Our national debt surpassed $14.294 trillion today, breaking through the debt ceiling set forth by Congress. How America got to this point is crystallized in the Obama Administration’s own Fiscal Year 2012 budget. It was released just three months ago and, despite our country being knee deep in an enormous fiscal crisis, does not mention any meaningful entitlement reform at all. In fact, President Obama said at the time that it was not his place to offer a plan to bring down America’s debt: “…if you look at the history of how these deals get done, typically it’s not because there’s an Obama plan out there.”
A President has to lead, but when it comes to the national debt, President Obama has been MIA. Without any leadership from the White House the burden falls to Congress. Over a thousand people took Citizens United’s Facebook poll over the weekend, and an overwhelming majority believes that Congress will not have the courage to reform Medicare and Social Security this year. To bring down our debt, real reform of entitlement programs must be done. If not, the national debt will continue to spiral out of control making life that much more difficult for future generations.
The Treasury Department can still pay America’s creditors up until August 2nd, at that point if a deal on raising the debt ceiling is not reached in Congress then America will default on its obligations. There is still time for a deal to be reached, but that deal must include real cuts and reforms or we will be back at this same point again soon, only with higher debt. Enacting the cuts necessary to get us back on stable ground will be both painful and difficult. It will take a courageous coalition of Americans willing to do the right thing for our children and grandchildren; something President Obama has failed to do so far.

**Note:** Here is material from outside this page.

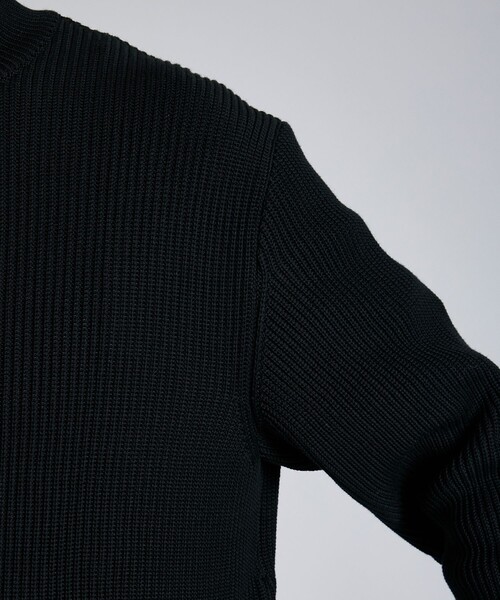 city（シティ）の「DRIVERS KNIT/ドライバーズニット（ニット/セーター・メンズ・ブラック・1/2/3）」の13枚目の写真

In March, I called on Congress to adopt a rule that would trigger a debt ceiling vote every time the debt climbs $100 billion. At the rate the federal government is spending money, these votes would have to be taken often. The reason to have the debt limit so low is to hold Congress and the Obama Administration’s feet to the fire when it comes to spending cuts. Congress has raised the debt ceiling 98 times since 1940, rendering the idea of a “debt limit” virtually useless. The ceiling is more like a goalpost that keeps getting moved because of the federal government’s reckless spending habits.
To give this new rule teeth, the vote should require a two-thirds super majority in Congress to continue to fund the government. With this rule in place, raising the debt ceiling would become extremely difficult and Congress would be forced to curb spending or face defaulting on our debt. Some may call this extreme, but when the Chairman of the Joint Chiefs of Staff, Admiral Michael Mullen, says, “The most significant threat to our national security is our debt,” extreme measures must be taken.
For decades, there was a culture of indulgence that led to many Americans looking the other way when it came to fiscal responsibility and our national debt. Citizens United Productions’ documentary Generation Zero explains how this selfishness helped lead to our current economic crisis. Thankfully, with the help of the Tea Party movement, Americans have finally awoken to our national debt crisis. In a Gallup Poll released last week, 47 percent of Americans want their Member of Congress to vote against the raising of the debt ceiling. Americans are realizing that the national debt, as it now stands, will have a devastating impact on their children and grandchildren’s standard of living and they are demanding that Washington take action now.